Use the docker-compose.yml file to create a MariaDB database and an Apache Flink Job and Task manager to work with.
Make sure to add your AWS credentials to the docker-compose.yml file first, so that it will be able to write to s3.
docker compose up -d
Once the containers are running, submit the job to Flink using:
docker exec -it jobmanager /opt/flink/bin/sql-client.sh embedded -f /opt/flink/job.sql
If you open your browser to http://localhost:8081
you'll see the Flink UI with your job running, saving the data from the database to s3 using the Iceberg format
The data in s3 will be in a folder named after the database, in Parquet format.

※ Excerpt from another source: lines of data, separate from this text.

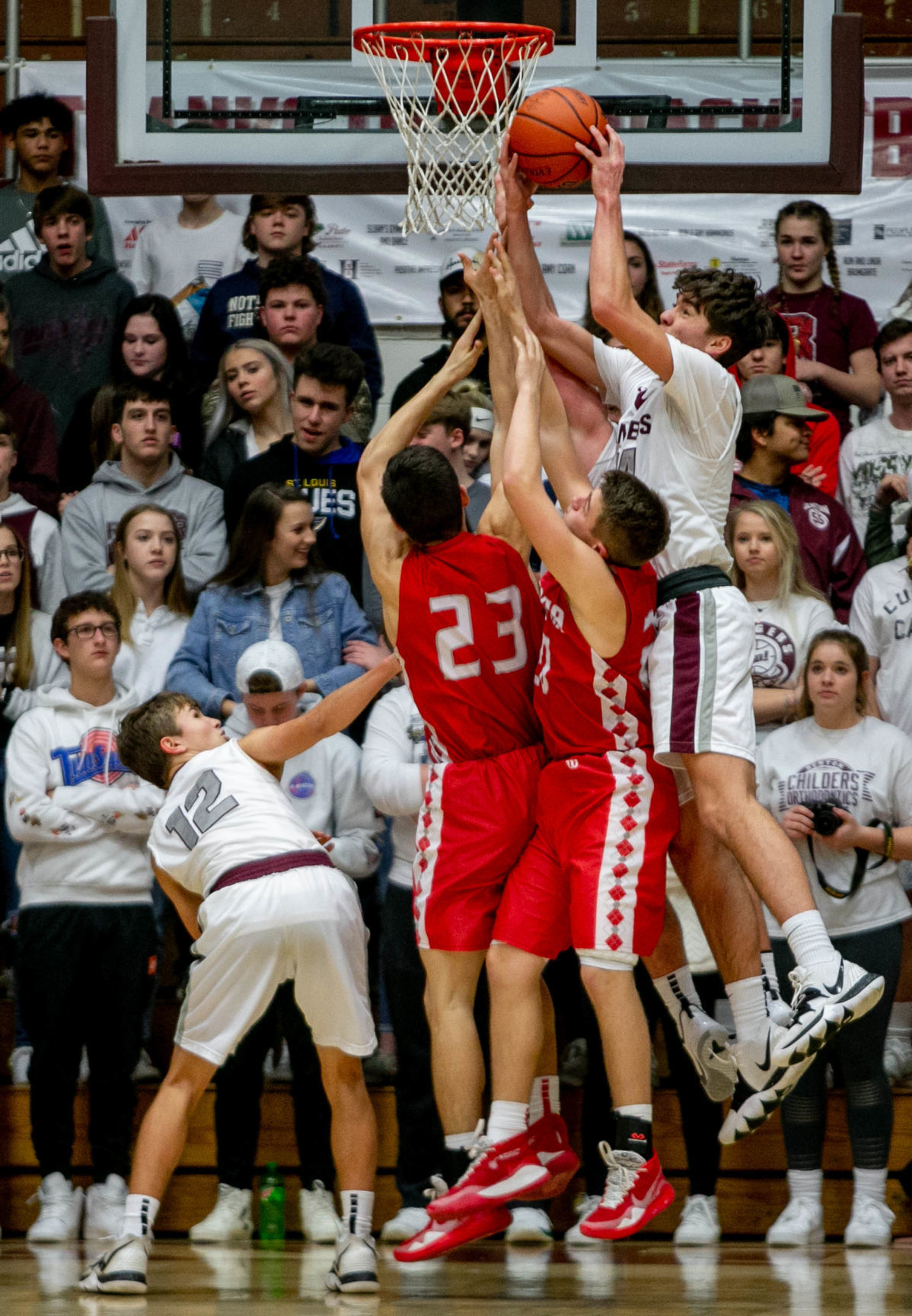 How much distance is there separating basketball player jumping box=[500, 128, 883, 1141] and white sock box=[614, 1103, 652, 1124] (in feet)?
0.80

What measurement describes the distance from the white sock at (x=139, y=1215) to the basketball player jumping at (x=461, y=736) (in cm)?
99

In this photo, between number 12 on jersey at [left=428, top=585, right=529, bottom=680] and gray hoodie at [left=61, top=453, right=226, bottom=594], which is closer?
number 12 on jersey at [left=428, top=585, right=529, bottom=680]

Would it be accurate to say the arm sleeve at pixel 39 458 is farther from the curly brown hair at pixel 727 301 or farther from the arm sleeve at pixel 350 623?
the curly brown hair at pixel 727 301

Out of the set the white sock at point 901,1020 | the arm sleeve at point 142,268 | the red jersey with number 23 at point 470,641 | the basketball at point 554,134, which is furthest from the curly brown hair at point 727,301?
the arm sleeve at point 142,268

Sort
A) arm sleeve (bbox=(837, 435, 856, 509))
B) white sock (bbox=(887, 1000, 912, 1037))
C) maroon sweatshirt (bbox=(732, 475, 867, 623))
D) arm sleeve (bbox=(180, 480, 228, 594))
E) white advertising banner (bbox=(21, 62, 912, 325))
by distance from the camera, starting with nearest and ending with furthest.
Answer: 1. white sock (bbox=(887, 1000, 912, 1037))
2. maroon sweatshirt (bbox=(732, 475, 867, 623))
3. arm sleeve (bbox=(180, 480, 228, 594))
4. arm sleeve (bbox=(837, 435, 856, 509))
5. white advertising banner (bbox=(21, 62, 912, 325))

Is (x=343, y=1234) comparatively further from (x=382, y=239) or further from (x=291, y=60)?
(x=382, y=239)

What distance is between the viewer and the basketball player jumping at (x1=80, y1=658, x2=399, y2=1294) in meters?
5.68

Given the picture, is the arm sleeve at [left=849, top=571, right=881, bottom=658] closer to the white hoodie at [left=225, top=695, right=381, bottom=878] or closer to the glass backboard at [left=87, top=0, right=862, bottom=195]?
the glass backboard at [left=87, top=0, right=862, bottom=195]

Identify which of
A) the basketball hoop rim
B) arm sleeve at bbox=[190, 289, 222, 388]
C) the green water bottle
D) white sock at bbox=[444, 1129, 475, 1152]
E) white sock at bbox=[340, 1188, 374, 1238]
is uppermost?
the basketball hoop rim

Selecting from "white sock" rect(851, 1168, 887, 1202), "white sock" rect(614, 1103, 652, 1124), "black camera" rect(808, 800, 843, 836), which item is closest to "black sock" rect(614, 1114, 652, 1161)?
"white sock" rect(614, 1103, 652, 1124)

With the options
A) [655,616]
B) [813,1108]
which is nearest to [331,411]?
[655,616]

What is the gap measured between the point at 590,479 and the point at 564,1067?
97.7 inches

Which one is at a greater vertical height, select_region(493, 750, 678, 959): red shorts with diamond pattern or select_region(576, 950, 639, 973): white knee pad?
select_region(493, 750, 678, 959): red shorts with diamond pattern

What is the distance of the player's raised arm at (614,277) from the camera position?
5.19 m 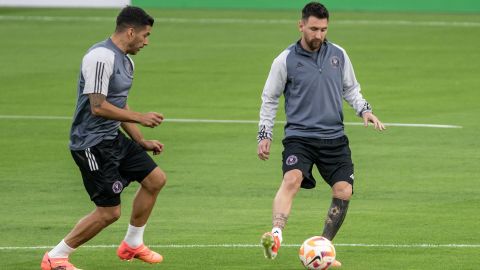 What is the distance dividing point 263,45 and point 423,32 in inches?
192

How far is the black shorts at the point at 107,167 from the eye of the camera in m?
12.0

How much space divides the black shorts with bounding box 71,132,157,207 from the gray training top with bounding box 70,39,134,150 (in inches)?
2.9

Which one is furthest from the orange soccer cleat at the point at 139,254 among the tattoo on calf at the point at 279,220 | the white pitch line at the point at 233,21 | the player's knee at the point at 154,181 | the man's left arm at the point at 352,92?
the white pitch line at the point at 233,21

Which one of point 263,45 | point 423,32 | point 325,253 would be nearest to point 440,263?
point 325,253

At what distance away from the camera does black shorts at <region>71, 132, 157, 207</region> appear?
39.5 ft

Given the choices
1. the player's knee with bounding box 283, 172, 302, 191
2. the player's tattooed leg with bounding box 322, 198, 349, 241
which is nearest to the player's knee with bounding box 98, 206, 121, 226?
the player's knee with bounding box 283, 172, 302, 191

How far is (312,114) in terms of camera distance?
1235cm

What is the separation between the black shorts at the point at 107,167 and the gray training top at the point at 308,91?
1.15 meters

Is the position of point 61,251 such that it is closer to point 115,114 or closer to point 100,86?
point 115,114

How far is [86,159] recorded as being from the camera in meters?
12.0

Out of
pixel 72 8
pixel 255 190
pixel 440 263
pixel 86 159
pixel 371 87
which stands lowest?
pixel 72 8

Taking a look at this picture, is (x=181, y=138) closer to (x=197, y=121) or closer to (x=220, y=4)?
(x=197, y=121)

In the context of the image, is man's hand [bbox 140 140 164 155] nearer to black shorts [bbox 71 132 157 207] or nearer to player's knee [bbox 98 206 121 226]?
black shorts [bbox 71 132 157 207]

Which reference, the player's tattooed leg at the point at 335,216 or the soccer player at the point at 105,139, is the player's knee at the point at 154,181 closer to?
the soccer player at the point at 105,139
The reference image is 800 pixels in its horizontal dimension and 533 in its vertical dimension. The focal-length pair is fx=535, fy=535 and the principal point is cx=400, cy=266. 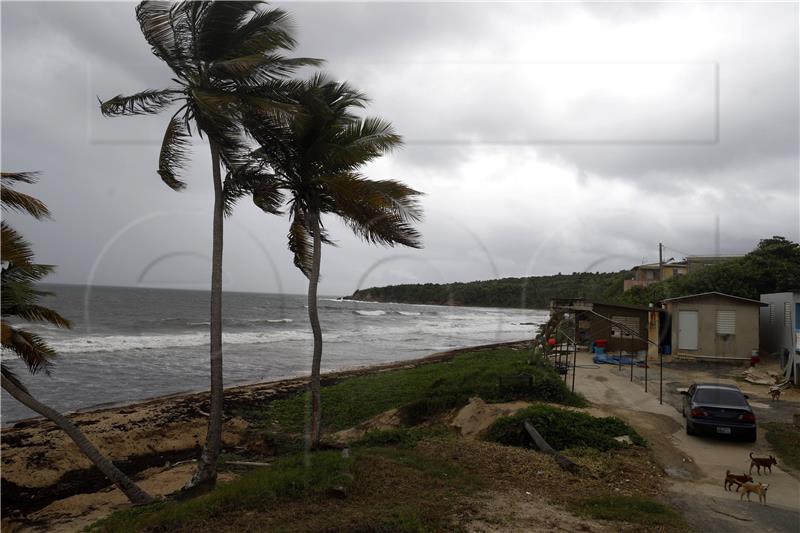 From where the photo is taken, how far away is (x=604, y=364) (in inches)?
907

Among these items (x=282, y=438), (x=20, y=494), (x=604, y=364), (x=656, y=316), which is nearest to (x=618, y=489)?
(x=282, y=438)

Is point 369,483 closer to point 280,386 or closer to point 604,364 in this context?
point 280,386

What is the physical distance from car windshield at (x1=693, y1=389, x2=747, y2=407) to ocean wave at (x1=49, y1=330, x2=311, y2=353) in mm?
31258

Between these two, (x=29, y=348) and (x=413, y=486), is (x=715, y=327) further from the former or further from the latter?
(x=29, y=348)

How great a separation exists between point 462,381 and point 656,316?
44.5ft

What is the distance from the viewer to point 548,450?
31.2ft

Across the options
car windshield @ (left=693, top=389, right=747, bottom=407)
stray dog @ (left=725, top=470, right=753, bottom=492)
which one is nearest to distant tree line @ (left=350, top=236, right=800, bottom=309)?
car windshield @ (left=693, top=389, right=747, bottom=407)

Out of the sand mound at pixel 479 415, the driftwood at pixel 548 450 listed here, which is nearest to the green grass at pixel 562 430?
the driftwood at pixel 548 450

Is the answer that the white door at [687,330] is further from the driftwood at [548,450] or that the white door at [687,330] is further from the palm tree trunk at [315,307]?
the palm tree trunk at [315,307]

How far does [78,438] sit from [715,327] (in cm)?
2332

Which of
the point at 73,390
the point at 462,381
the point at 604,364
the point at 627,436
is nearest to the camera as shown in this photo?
the point at 627,436

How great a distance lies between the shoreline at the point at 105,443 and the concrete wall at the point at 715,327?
17542 mm

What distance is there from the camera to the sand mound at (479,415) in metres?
11.9

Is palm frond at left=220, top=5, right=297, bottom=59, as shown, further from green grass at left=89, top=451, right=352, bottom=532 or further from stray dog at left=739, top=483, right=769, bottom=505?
stray dog at left=739, top=483, right=769, bottom=505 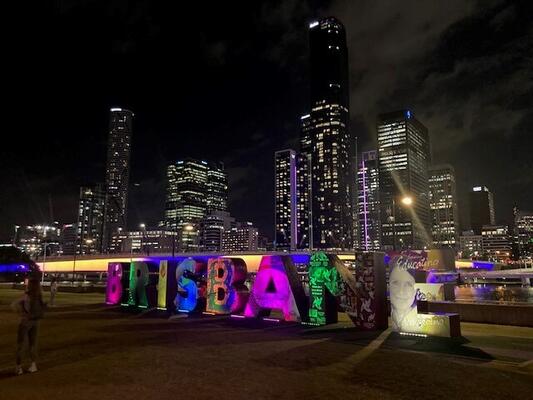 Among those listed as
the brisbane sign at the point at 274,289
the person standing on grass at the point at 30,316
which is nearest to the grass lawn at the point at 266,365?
the person standing on grass at the point at 30,316

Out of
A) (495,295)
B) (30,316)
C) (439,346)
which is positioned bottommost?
(495,295)

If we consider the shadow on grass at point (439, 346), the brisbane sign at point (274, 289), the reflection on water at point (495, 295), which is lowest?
the reflection on water at point (495, 295)

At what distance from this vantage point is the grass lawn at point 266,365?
8578 millimetres

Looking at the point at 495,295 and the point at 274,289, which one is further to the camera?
the point at 495,295

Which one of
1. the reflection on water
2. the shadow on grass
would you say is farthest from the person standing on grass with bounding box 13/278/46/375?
the reflection on water

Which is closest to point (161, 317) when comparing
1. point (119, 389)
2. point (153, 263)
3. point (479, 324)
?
point (153, 263)

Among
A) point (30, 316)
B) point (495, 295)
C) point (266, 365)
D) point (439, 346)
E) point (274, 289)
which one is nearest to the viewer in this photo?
point (30, 316)

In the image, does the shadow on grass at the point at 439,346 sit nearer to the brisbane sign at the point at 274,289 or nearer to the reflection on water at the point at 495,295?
the brisbane sign at the point at 274,289

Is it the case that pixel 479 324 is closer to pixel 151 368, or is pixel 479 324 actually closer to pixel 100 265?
pixel 151 368

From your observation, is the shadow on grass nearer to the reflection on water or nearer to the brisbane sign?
the brisbane sign

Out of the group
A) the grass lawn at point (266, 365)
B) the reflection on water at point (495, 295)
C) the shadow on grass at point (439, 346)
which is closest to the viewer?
the grass lawn at point (266, 365)

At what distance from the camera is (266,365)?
10789 mm

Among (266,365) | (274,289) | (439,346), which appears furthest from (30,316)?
(439,346)

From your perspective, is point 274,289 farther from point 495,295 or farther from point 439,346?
point 495,295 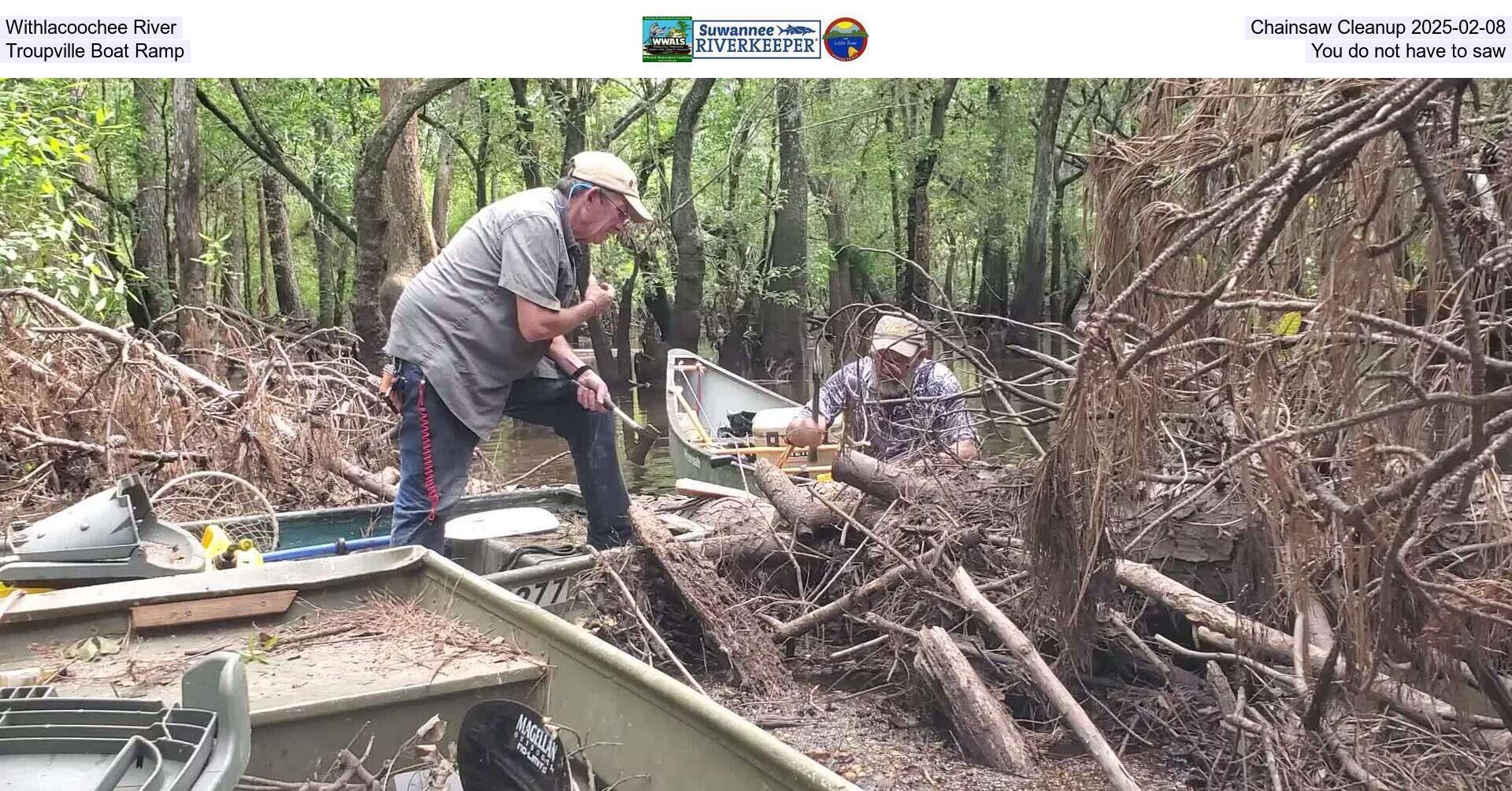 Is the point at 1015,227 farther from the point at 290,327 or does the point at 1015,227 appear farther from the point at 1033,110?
the point at 290,327

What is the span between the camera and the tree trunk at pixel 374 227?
1186 centimetres

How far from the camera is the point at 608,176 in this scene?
4.46 m

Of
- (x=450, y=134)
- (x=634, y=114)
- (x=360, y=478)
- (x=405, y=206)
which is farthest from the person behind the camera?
(x=450, y=134)

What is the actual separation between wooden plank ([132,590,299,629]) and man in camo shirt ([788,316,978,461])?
7.87 ft

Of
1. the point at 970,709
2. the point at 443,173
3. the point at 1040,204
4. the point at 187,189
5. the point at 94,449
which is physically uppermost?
the point at 443,173

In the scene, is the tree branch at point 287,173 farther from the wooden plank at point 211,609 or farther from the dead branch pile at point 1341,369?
the dead branch pile at point 1341,369

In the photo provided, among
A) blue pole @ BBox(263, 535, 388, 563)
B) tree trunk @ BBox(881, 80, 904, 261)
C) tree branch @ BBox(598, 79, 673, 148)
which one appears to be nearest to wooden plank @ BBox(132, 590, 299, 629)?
blue pole @ BBox(263, 535, 388, 563)

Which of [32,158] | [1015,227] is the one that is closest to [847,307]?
[32,158]


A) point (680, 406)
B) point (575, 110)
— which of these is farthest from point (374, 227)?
point (575, 110)

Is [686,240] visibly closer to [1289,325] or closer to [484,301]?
[484,301]

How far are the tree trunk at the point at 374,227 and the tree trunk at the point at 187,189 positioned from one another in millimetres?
2526

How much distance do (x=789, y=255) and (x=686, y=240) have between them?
3428 mm

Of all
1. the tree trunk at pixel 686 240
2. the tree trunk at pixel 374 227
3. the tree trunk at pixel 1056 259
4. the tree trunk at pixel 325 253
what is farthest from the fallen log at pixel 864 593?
the tree trunk at pixel 1056 259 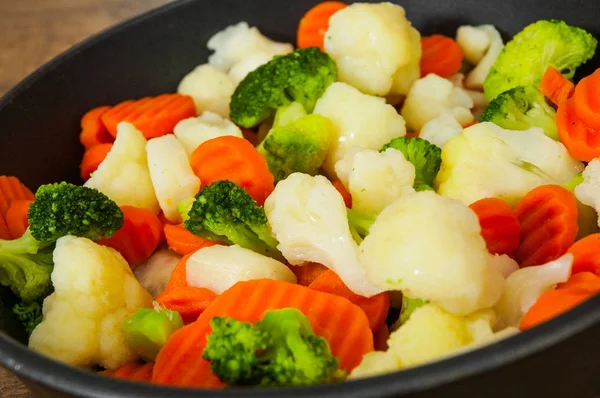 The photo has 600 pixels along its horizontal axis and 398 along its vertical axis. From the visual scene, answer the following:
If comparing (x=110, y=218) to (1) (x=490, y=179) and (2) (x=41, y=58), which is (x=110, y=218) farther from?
(2) (x=41, y=58)

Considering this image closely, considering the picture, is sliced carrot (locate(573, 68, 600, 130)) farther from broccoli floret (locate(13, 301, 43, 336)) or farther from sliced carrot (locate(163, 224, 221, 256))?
broccoli floret (locate(13, 301, 43, 336))

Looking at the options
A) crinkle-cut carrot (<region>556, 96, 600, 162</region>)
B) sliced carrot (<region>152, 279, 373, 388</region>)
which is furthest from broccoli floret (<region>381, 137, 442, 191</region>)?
sliced carrot (<region>152, 279, 373, 388</region>)

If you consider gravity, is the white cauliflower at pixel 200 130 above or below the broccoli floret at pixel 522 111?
above

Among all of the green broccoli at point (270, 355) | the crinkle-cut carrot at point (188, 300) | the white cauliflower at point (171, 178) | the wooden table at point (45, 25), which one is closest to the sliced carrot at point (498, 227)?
the green broccoli at point (270, 355)

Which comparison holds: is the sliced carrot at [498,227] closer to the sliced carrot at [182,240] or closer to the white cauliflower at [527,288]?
the white cauliflower at [527,288]

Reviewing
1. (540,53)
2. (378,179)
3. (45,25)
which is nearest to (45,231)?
(378,179)

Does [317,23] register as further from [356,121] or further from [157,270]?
[157,270] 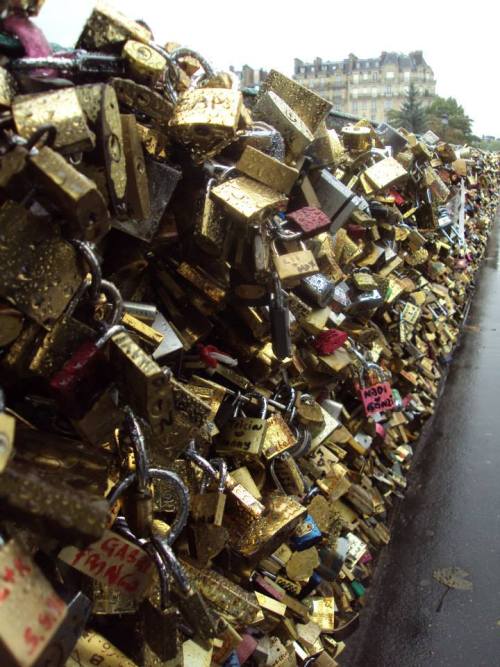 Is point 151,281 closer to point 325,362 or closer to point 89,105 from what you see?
point 89,105

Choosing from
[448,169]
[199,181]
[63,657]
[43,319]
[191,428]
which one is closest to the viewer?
[63,657]

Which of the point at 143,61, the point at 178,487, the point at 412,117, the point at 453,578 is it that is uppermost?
the point at 412,117

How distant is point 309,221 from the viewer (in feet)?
6.02

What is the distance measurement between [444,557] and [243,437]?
64.8 inches

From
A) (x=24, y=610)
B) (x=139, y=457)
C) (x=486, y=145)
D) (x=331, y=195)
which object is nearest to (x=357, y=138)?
(x=331, y=195)

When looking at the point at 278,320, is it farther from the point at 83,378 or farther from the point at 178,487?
the point at 83,378

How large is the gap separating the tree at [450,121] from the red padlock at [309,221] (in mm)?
32947

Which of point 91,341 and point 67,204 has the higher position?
point 67,204

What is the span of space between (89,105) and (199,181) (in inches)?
19.8

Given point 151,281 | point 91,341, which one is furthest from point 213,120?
point 91,341

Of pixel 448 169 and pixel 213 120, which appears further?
pixel 448 169

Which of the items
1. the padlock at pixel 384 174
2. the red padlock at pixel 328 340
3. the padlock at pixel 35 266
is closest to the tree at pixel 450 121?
the padlock at pixel 384 174

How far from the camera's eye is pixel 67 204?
2.79ft

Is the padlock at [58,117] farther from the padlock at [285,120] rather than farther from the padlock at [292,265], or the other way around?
the padlock at [285,120]
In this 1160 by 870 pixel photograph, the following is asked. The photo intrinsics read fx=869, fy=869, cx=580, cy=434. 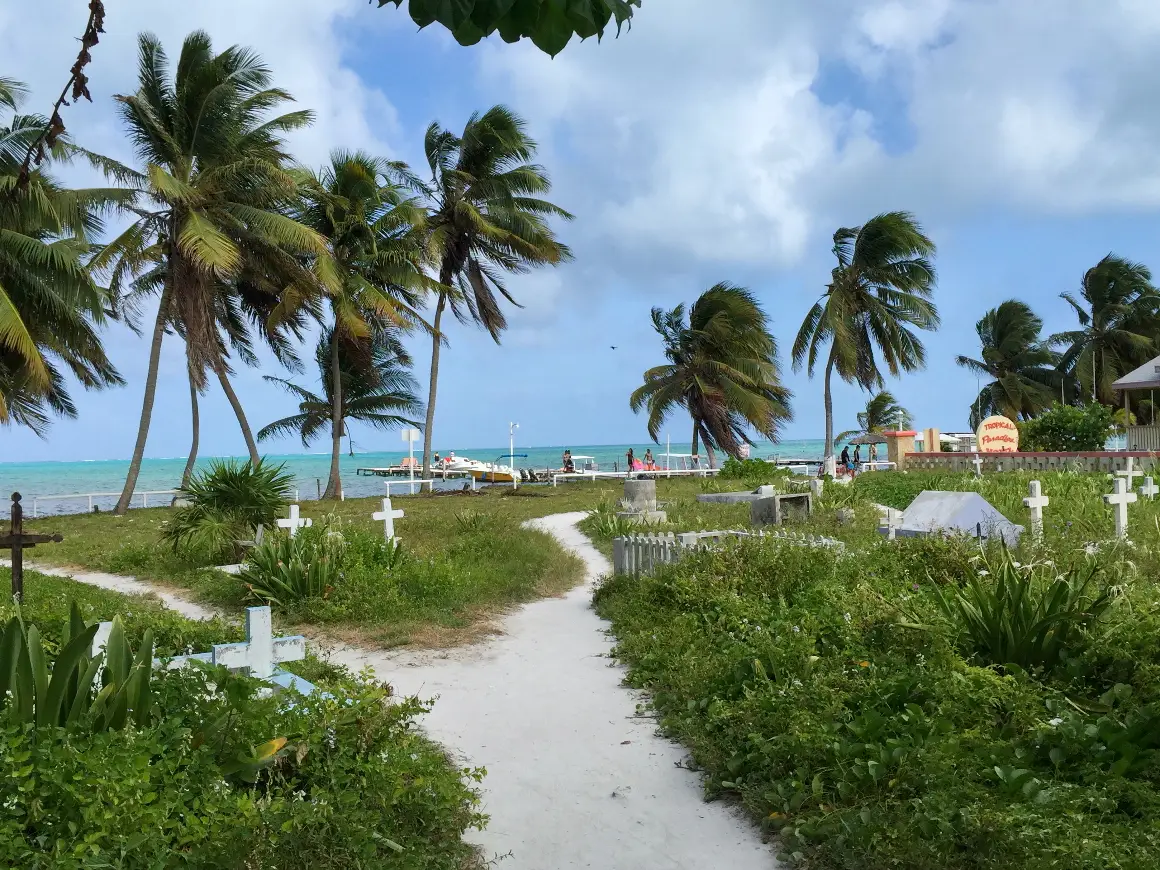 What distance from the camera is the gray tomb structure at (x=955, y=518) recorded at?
929 cm

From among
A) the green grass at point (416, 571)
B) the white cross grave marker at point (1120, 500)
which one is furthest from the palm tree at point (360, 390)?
the white cross grave marker at point (1120, 500)

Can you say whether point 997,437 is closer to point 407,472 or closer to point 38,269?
point 38,269

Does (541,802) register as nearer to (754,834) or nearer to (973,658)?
(754,834)

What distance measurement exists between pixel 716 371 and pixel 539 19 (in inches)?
1294

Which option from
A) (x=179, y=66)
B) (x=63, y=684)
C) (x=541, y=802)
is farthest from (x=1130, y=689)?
(x=179, y=66)

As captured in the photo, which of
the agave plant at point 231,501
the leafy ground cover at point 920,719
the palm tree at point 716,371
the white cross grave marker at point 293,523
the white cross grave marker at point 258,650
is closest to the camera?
the leafy ground cover at point 920,719

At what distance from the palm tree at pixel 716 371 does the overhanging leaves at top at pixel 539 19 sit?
3137 centimetres

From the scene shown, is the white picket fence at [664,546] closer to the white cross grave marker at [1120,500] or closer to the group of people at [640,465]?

You can use the AWS CLI to verfiy the data is there:
aws s3 ls s3://my-test-bucket/iceberg/my_database/my_products/data/
If you happen to use DuckDB, you can query the resulting parquet file on s3 to verify the data:
Assuming duckdb is installed, provide it with AWS details:
SET s3_region='us-east-1';
SET s3_access_key_id='AKAIXXXXXXXXXXXX';
SET s3_secret_access_key='XXXXXXXXXXXX';
Then you can query one or more parquet files using:
SELECT * FROM 's3://my-test-bucket/iceberg/my_database/my_products/data/00000-0-b3a04103-6ef1-49fa-9c7b-62194183c3fd-00001.parquet';
You should see an output just like the following table
┌───────┬───────────┬───────────────┐
│ id │ name │ price │
│ int32 │ varchar │ decimal(10,2) │
├───────┼───────────┼───────────────┤
│ 3 │ Product C │ 39.99 │
│ 2 │ Product B │ 29.99 │
│ 1 │ Product A │ 19.99 │
└───────┴───────────┴───────────────┘